*** Records provided Section Begins ***
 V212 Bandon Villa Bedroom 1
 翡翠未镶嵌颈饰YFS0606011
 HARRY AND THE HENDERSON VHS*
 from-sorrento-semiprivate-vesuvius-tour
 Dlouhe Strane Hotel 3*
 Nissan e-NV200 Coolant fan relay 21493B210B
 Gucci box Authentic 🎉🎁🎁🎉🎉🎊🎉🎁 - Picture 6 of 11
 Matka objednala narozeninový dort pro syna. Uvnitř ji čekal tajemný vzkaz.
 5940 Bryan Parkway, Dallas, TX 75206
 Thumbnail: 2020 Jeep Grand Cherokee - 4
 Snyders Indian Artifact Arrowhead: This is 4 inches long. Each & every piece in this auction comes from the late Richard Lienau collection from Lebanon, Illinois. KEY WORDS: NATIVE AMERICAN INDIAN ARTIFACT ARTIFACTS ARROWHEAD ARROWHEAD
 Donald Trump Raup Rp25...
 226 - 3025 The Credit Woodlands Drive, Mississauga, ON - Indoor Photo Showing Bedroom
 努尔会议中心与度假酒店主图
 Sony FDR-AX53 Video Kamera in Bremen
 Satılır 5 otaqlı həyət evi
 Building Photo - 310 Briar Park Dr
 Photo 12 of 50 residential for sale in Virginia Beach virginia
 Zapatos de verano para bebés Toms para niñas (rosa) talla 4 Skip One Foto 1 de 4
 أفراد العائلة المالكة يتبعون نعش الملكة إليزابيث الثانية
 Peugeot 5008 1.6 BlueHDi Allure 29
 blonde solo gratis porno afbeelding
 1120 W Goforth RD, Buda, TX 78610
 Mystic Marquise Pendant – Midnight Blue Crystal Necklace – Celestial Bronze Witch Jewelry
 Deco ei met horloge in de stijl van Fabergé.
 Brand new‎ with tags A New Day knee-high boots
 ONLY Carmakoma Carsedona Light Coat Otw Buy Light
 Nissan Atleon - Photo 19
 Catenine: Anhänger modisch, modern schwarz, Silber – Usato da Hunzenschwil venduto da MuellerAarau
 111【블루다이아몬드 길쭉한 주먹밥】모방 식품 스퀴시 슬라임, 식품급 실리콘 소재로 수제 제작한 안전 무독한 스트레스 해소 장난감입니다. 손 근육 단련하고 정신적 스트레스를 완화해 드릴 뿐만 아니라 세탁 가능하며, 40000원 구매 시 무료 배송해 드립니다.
*** Records provided Section Ends ***
[What the exercise asks]: Return only the part of the records above that opens with the line containing "from-sorrento-semiprivate-vesuvius-tour" and closes with the line containing "5940 Bryan Parkway, Dallas, TX 75206", ends included.

[Reply to the exercise]:
 from-sorrento-semiprivate-vesuvius-tour
 Dlouhe Strane Hotel 3*
 Nissan e-NV200 Coolant fan relay 21493B210B
 Gucci box Authentic 🎉🎁🎁🎉🎉🎊🎉🎁 - Picture 6 of 11
 Matka objednala narozeninový dort pro syna. Uvnitř ji čekal tajemný vzkaz.
 5940 Bryan Parkway, Dallas, TX 75206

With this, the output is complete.